The Pirate's Wife: The Remarkable True Story of Sarah Kidd
“a solid primer on piracy and privateering”
Daphne Palmer Geanacopoulos has clearly done her homework in The Pirate’s Wife. She draws on archival material from the 18th century, including legal documents and property records to trace the career of the notorious Captain Kidd and his wife, Sarah. She does a good job of providing the historical context for piracy and privateering and the difference between the two. Privateers were basically mercenaries, hired to “legally plunder and seize enemy French ships.” They would share the loot with the legal authorities who licensed such seizure, while keeping a cut for themselves.
Captain Kidd started as a privateer. He was engaged by “Christopher Codrington, governor of the Leeward Islands, an English colony in the West Indies, to help ward off the French. Kidd saw action on the tiny French island of Marie Galante (near Guadeloupe) and was sent to help at the island of St. Martin but his men preferred piracy to legal plundering. . . .”

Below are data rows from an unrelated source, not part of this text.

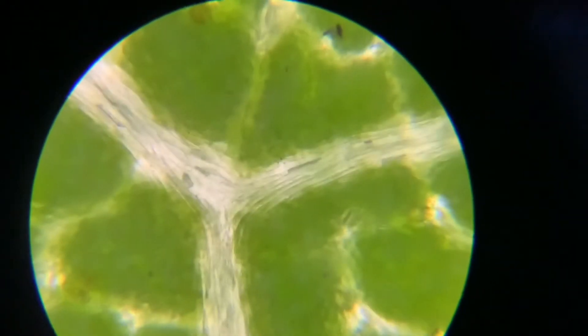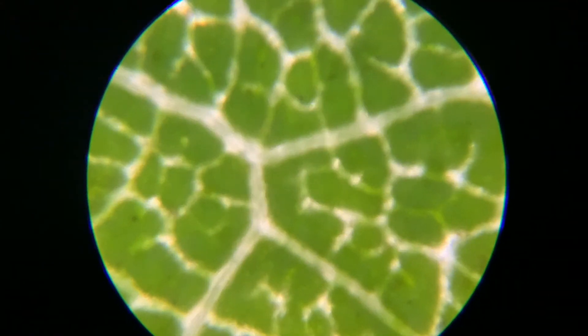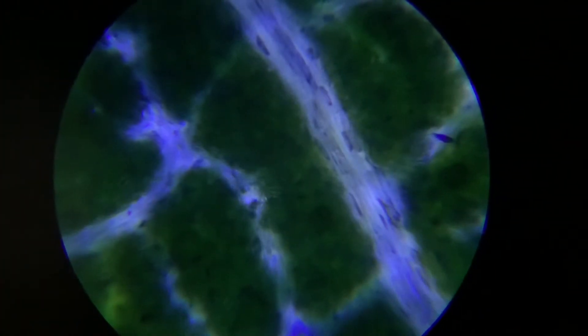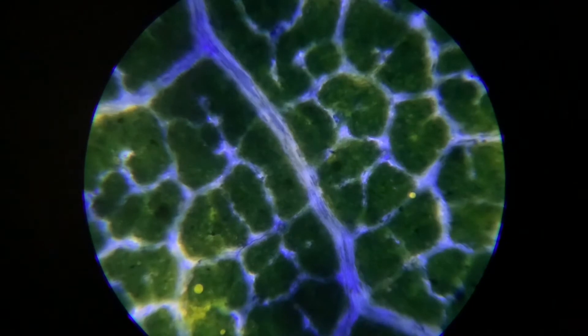It looks so cool — you can see what the leaf is made of. You can see the lines. Now we are trying it with the blue dye. Okay Daddy, come on, I can't see it. Oh! Now that looks cooler — a cell of a leaf! It looks very cool. Okay, next experiment!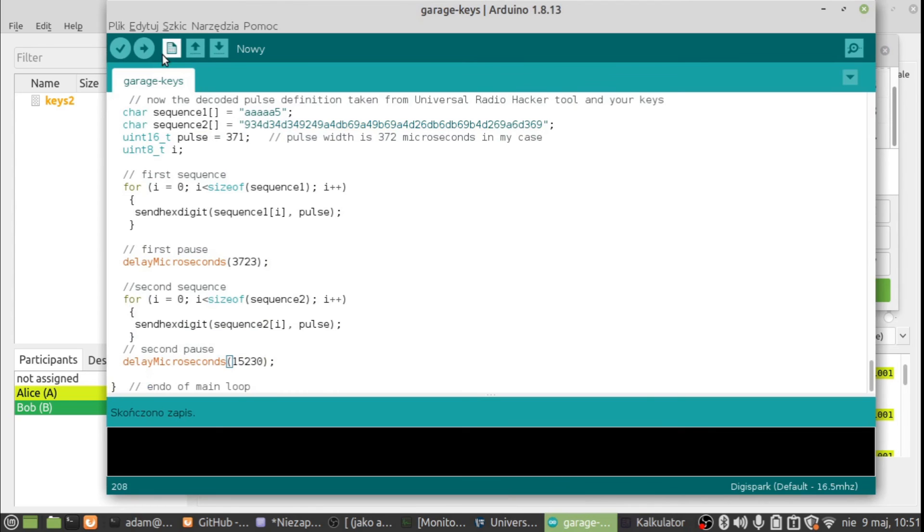Now we compile the sketch and upload it to the Digispark. You may have a different Arduino board, but I'm using the Digispark. It's uploading — it's already uploaded. Scrolling down to confirm — okay, it's done.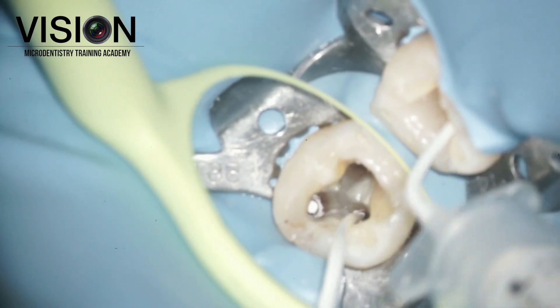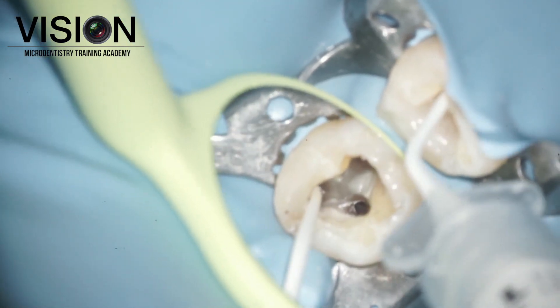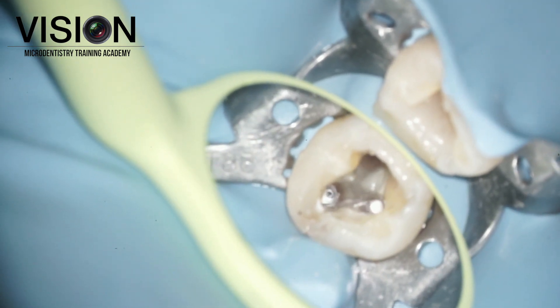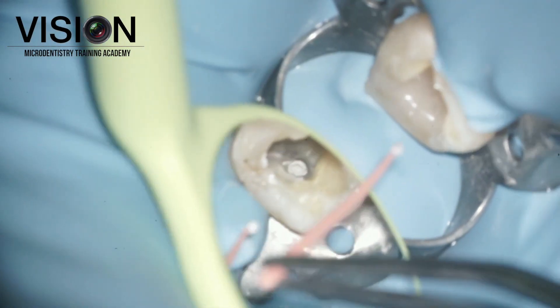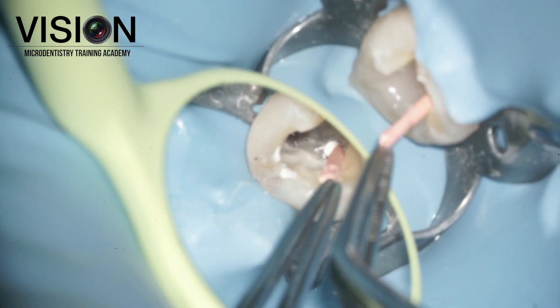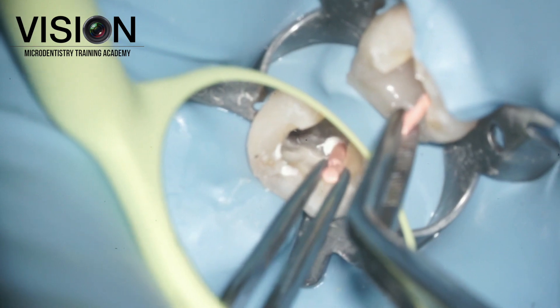We checked the placement of our master cone and sealed the canals using a bioceramic sealer. I'm using a single syringe-based bioceramic sealer with my Wave One Gold conformed kefit cones, which are placed inside and seared off at the level of the orifice.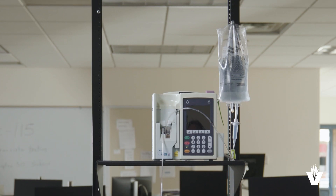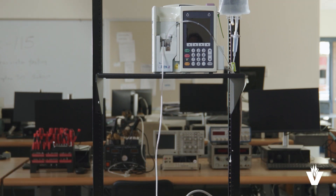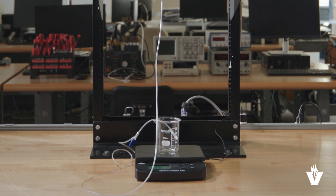Welcome. I'm Frank Lewis, an instructor in the Biomedical Department of Vincennes University. In this video, we will look at what is required to put together an IV pump test station.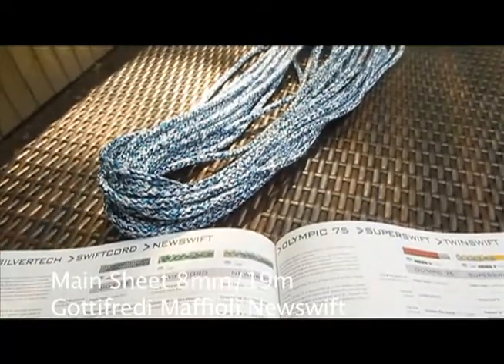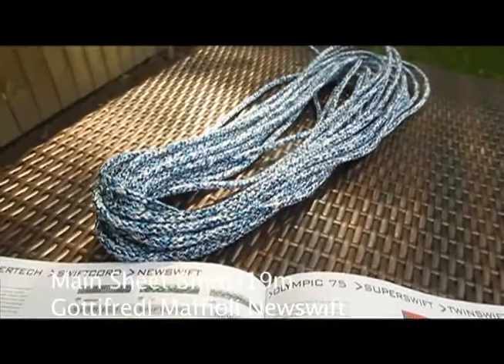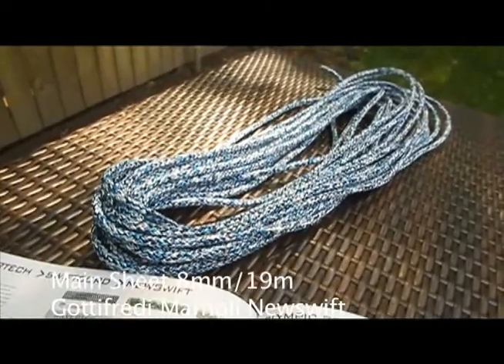The main sheet we're using is a Mafioli New Swift 8mm. It's about 19 meters.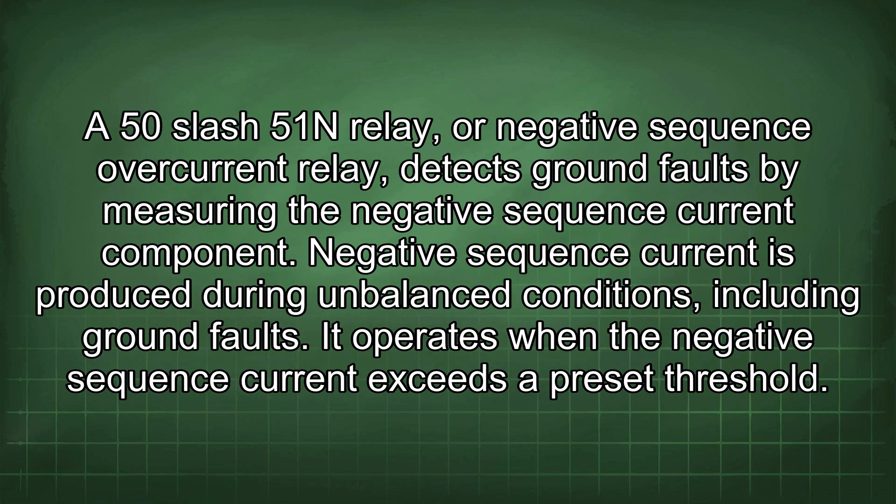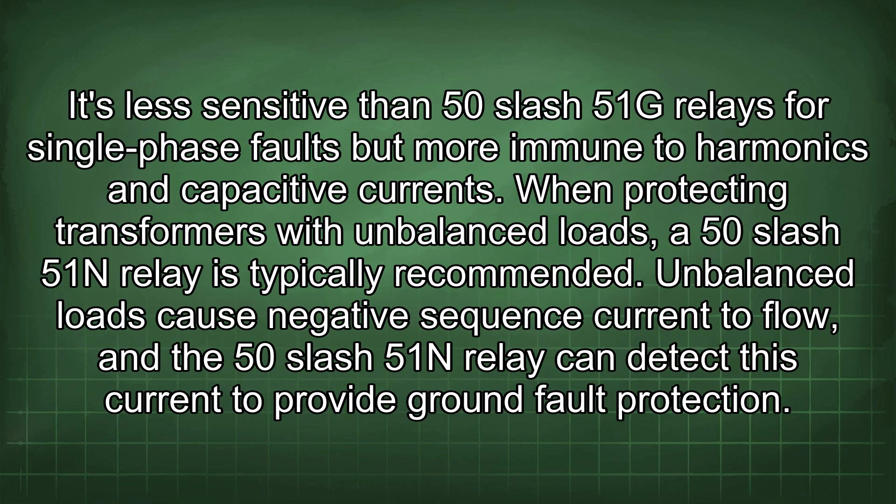A 50-51N relay, or negative sequence overcurrent relay, detects ground faults by measuring the negative sequence current component. Negative sequence current is produced during unbalanced conditions, including ground faults. It operates when the negative sequence current exceeds a preset threshold. It is less sensitive than 50-51G relays for single-phase faults, but more immune to harmonics and capacitive currents.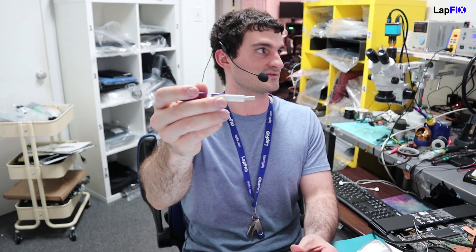Hey everybody, so today we have here a USB that we actually have in for data recovery, and you can see that it's bent. We're just going to be showing you how we do the repair for data recovery on a USB.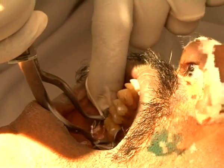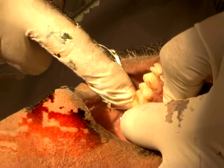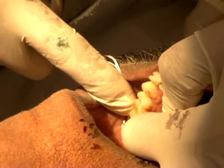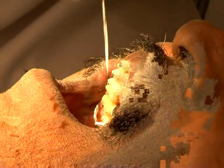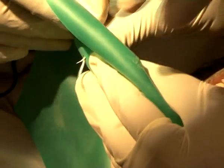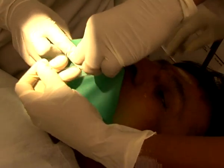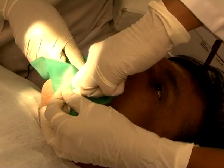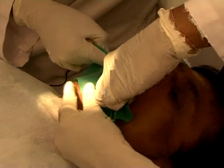Now we are going to place the clamp on the molar. It is a little bit tight. We make sure that the clamp is well secured and has all four points of contact. We have the floss here for reasons of safety. We are going to slide the floss and take this out — just take a nice deep breath.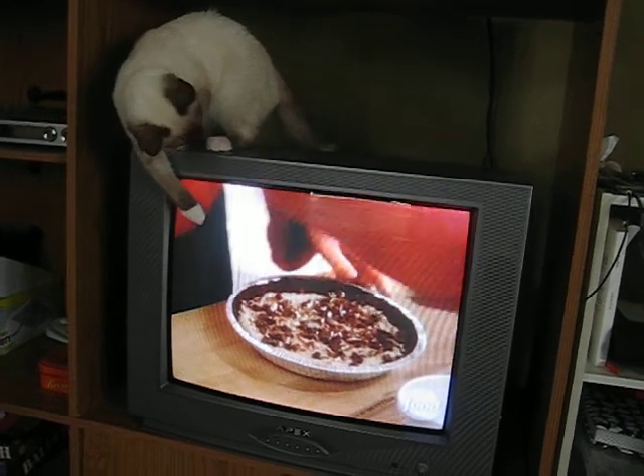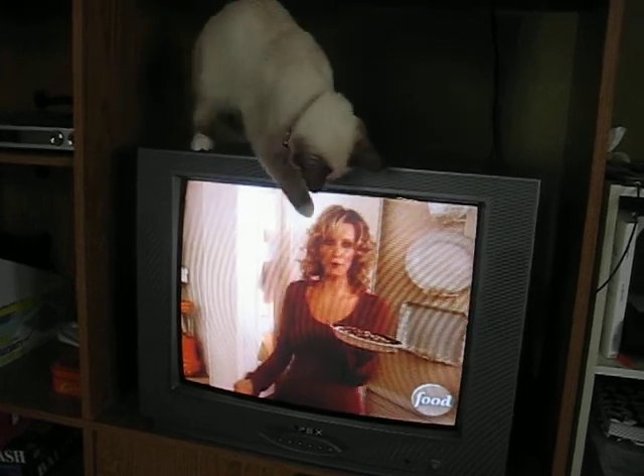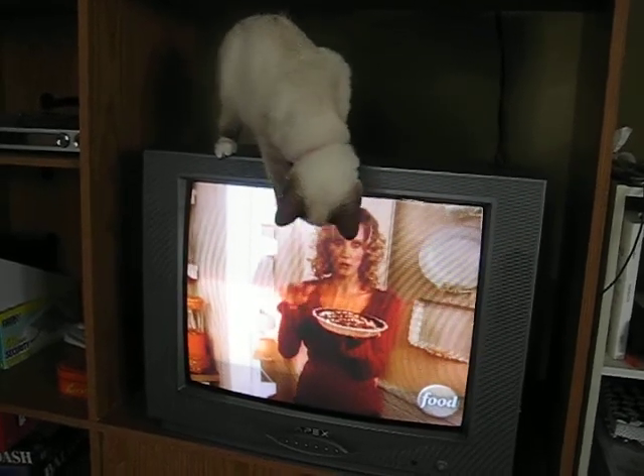Ice cream cakes are always popular. Now let's go back in the freezer to set up. You can tell that this is a process — it's layered, and it's going to be wonderful with all that work.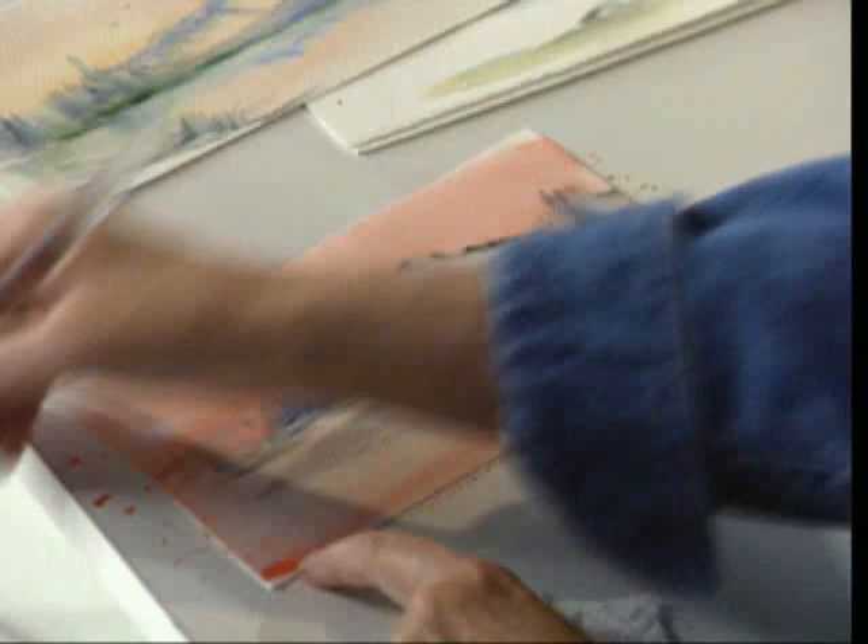The colors I used were a little bit of orange, a little bit of ultramarine blue, and some indigo — easy to create that beautiful mountain scene. I hope you'll join me on public television.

And so starts Kidd’s troubles. He loses one ship and crew to the world of piracy, returns to New York, marries the twice-widowed Sarah, who is still in her twenties, then gets another privateer commission. Only to turn pirate himself. The reasons for turning to piracy are also clearly explained by Geanacopoulos:
“Some did so out of revenge against merchant and naval ship captains who wielded a violent and arbitrary authority against them. Pirates detested the strict social order meted out by the maritime martinets who made their lives so difficult. . . .”
Or simple greed could be the motivator. Why loot treasure that had to be shared with someone who took none of the risk? Kidd’s actual piracy isn’t the focus anyway, but his trial for piracy, the way he’s used by “solid citizens” for profit. Sarah’s experience on the pirate ship is definitely unusual, but she’s there to flee with her husband, not to follow the pirate life. Those expecting tales of yo, ho, ho and a bottle of rum will be disappointed.
Still, this book serves as a solid primer on piracy and privateering. Where it stumbles is in trying to tell the story of Sarah Kidd. Her narrative gets lost in all the essential historical context. No strong sense of her character is ever developed, nor is any driving narrative arc of her desires and goals.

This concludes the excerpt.